===== DATA LISTING
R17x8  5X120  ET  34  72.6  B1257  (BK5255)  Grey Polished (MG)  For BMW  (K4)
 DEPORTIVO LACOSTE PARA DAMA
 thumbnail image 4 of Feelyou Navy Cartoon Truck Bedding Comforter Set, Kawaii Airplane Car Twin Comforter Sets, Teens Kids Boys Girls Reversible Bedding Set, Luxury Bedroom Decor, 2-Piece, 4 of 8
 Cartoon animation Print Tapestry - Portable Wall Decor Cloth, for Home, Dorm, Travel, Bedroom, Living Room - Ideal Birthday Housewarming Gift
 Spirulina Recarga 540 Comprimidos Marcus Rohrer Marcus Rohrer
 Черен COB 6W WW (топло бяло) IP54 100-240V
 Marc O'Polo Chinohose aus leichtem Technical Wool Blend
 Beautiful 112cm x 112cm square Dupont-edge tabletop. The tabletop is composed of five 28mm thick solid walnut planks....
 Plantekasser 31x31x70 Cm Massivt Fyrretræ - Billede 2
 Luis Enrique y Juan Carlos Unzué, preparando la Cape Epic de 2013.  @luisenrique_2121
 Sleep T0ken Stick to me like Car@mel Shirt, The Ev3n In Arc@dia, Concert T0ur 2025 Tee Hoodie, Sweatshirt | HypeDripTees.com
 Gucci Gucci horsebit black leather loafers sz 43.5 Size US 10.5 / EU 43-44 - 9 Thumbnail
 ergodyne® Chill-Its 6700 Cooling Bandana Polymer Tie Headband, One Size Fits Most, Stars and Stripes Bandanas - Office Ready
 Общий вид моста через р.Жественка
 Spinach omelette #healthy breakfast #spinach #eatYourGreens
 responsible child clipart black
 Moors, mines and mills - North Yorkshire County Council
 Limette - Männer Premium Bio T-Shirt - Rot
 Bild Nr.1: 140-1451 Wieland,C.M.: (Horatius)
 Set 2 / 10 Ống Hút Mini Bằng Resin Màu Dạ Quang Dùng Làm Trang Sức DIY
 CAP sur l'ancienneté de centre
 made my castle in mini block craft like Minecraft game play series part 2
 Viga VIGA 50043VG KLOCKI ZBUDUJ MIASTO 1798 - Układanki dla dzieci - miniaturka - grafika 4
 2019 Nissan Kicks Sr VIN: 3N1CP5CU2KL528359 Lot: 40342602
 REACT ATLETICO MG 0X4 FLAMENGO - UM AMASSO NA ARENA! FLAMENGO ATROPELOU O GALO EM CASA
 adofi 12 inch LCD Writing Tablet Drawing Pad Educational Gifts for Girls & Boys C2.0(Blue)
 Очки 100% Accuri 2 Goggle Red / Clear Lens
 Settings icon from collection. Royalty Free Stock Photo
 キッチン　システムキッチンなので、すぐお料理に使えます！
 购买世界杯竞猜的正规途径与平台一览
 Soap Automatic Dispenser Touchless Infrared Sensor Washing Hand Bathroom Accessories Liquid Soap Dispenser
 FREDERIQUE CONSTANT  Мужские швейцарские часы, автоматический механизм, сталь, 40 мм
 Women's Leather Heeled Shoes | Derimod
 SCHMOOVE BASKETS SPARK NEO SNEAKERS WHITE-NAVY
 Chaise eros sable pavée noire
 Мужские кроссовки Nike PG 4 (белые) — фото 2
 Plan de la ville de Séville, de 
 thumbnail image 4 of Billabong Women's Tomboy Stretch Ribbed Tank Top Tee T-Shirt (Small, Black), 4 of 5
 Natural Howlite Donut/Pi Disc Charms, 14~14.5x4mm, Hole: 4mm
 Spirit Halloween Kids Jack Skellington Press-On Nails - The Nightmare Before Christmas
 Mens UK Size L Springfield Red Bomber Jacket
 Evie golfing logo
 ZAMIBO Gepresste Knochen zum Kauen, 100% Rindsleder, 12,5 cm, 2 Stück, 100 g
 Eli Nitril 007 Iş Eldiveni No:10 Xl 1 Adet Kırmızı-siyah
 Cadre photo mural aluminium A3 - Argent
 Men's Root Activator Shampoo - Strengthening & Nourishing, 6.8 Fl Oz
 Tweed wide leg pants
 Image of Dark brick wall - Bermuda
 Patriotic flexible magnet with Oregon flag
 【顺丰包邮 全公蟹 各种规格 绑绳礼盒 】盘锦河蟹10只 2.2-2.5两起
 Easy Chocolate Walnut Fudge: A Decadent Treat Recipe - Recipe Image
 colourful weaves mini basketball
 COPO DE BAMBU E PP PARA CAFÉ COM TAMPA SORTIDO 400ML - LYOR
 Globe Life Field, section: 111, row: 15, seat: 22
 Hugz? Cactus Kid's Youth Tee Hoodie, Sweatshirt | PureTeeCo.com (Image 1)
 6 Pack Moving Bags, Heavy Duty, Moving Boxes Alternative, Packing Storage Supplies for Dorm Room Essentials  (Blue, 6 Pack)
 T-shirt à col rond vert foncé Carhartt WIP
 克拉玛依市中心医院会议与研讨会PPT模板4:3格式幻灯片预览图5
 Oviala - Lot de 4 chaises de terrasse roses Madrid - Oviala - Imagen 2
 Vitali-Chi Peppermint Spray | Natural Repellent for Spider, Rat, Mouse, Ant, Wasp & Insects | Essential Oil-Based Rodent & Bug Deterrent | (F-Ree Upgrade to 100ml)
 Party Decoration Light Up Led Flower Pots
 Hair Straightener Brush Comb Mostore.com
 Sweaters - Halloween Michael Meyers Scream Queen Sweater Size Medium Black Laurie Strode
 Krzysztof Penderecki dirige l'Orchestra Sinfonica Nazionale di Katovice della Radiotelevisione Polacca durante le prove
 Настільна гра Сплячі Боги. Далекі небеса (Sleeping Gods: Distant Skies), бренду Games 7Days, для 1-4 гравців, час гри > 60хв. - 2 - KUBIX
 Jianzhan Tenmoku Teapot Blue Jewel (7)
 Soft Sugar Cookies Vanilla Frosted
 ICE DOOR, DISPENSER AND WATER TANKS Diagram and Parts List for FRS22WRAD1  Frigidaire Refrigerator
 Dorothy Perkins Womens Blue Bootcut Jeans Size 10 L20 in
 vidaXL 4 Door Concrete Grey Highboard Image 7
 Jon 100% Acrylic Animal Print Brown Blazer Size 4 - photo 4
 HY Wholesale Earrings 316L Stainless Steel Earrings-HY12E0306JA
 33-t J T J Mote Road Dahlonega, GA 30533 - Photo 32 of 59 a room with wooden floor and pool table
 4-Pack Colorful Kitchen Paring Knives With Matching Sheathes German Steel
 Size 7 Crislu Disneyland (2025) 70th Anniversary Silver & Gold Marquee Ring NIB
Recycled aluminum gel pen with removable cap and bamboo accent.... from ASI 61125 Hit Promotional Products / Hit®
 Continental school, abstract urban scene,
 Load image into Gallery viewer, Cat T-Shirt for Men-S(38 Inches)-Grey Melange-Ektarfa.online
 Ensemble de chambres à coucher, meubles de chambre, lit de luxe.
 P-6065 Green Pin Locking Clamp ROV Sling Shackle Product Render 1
==========
DIRECTIONS:
From the data above, output exactly the lines between the one containing "ZAMIBO Gepresste Knochen" and the one containing "克拉玛依市中心医院会议与研讨会PPT模板4:3格式幻灯片预览图5", counting both of them.

RESULT:
 ZAMIBO Gepresste Knochen zum Kauen, 100% Rindsleder, 12,5 cm, 2 Stück, 100 g
 Eli Nitril 007 Iş Eldiveni No:10 Xl 1 Adet Kırmızı-siyah
 Cadre photo mural aluminium A3 - Argent
 Men's Root Activator Shampoo - Strengthening & Nourishing, 6.8 Fl Oz
 Tweed wide leg pants
 Image of Dark brick wall - Bermuda
 Patriotic flexible magnet with Oregon flag
 【顺丰包邮 全公蟹 各种规格 绑绳礼盒 】盘锦河蟹10只 2.2-2.5两起
 Easy Chocolate Walnut Fudge: A Decadent Treat Recipe - Recipe Image
 colourful weaves mini basketball
 COPO DE BAMBU E PP PARA CAFÉ COM TAMPA SORTIDO 400ML - LYOR
 Globe Life Field, section: 111, row: 15, seat: 22
 Hugz? Cactus Kid's Youth Tee Hoodie, Sweatshirt | PureTeeCo.com (Image 1)
 6 Pack Moving Bags, Heavy Duty, Moving Boxes Alternative, Packing Storage Supplies for Dorm Room Essentials  (Blue, 6 Pack)
 T-shirt à col rond vert foncé Carhartt WIP
 克拉玛依市中心医院会议与研讨会PPT模板4:3格式幻灯片预览图5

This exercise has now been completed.